Une période difficile pas que dans le domaine professionnel, mais aussi personnel, qui a conduit à une longue période de doutes.
Ayant fuit vers la Russie, il s’est entraîné seul dans des conditions qui prouvent encore une fois son engagement et sa volonté de relever tous les défis qui lui faisaient face.
Finalement son agent l’a mis en contact avec le Rubin Kazan, mais avec le Shakhtar qui refusait de libérer le joueur de son contrat, il ne put jouer avec les russes.
Ce fut une querelle qui l’a empêché de jouer pendant 18 mois avant que le milieu polyvalent ne rejoigne un autre club russe, le FC Ufa, et que sa carrière professionnelle commence enfin.
Il est apparu 33 fois en 2 saisons, montrant son talent au milieu, mais aussi en tant que défenseur gauche à plusieurs reprises, ce qui est pour lui la raison de la décision de Pep [Guardiola] de le placer dans ce rôle.
C’était à Ufa que sa carrière internationale a débuté également. Ayant représenté l’Ukraine en 2013 à l’Euro U17 et en 2015 dans les compétitions U19, il a rejoint l’équipe A contre l’Espagne en Octobre 2015.
6 mois plus tard il marque son premier but lors d’une victoire 4-3 face à la Roumanie, devenant ainsi le plus jeune buteur ukrainien à 19 ans et 165 jours, battant le record de son héros : Andriy Shevchenko.
En Juillet 2016, il rejoint City.
Il a été signé le lendemain de la présentation de Guardiola, mais a été envoyé en prêt au PSV Eindhoven un mois plus tard pour gagner en expérience.
C’était toujours une carrière naissante, et ça l’est encore, mais étant donné tout ce qu’il a enduré auparavant, Zinchenko aura pu plus profiter de son arrivée à Manchester.
Il a quitté 2 fois son foyer en tant qu’adolescent, a fui la guerre et n’a pu jouer pendant un an et demi, mais il était dans l’une des meilleures équipes anglaises, jouant pour un homme que beaucoup considèrent comme le meilleur entraîneur au monde.
Mais les défis étaient loin d’être derrière lui.
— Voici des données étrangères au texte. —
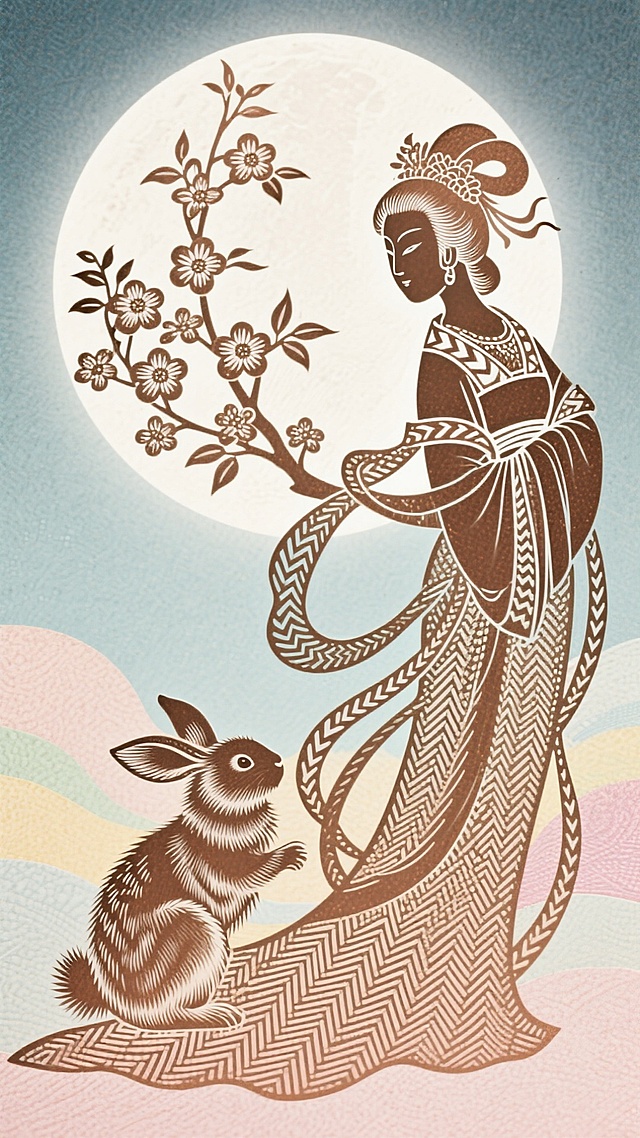 剪纸风与皮影风融合，古典嫦娥剪影立于明月之下，手持花枝，玉兔相伴，线条优雅，色彩柔和，营造出中秋静谧唯美的梦幻意境。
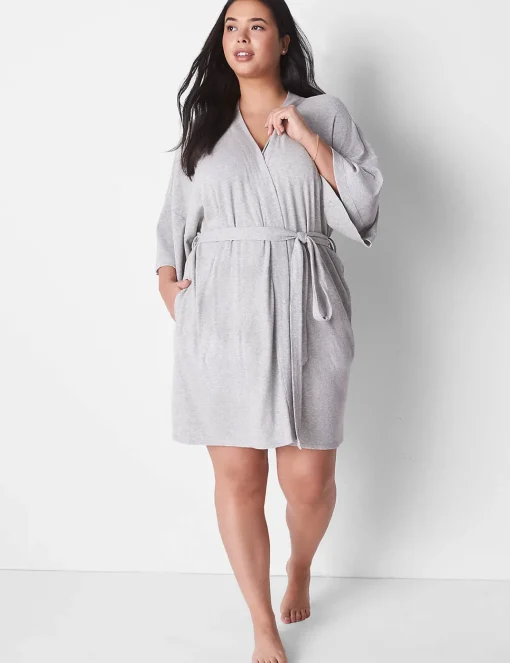 Robes^Lane Bryant Rib Kimono Robe Light Heather Gray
Zinchenko a toujours été forcé à faire ses preuves, ce qui s’est produit aux Pays-Bas. Il est apparu 17 fois pour le PSV, mais n’a débuté que 6 fois et a dû jouer 7 fois avec les U21 où il a fourni 9 passes décisives.
Cela ne faisait pas parti du plan.
« Je ne suis pas heureux ici » avait-il déclaré à l’époque.
« Cela fait sens quand on ne joue pas 7 matchs à la suite. Je ne comprends pas pour je suis celui qui n’est jamais utilisé. Ce sont les choix du coach et je ne les discute pas. Je ne serai pas triste [de partir]. C’est une expérience étrange, mais je suis sûr qu’elle sera bonne pour moi. »
Ce que Zinchenko décrivait comme « l’un des moments les plus importants de sa vie » s’est conclu par son retour à la CFA (City Football Academy) en pré-saison en Juillet 2017.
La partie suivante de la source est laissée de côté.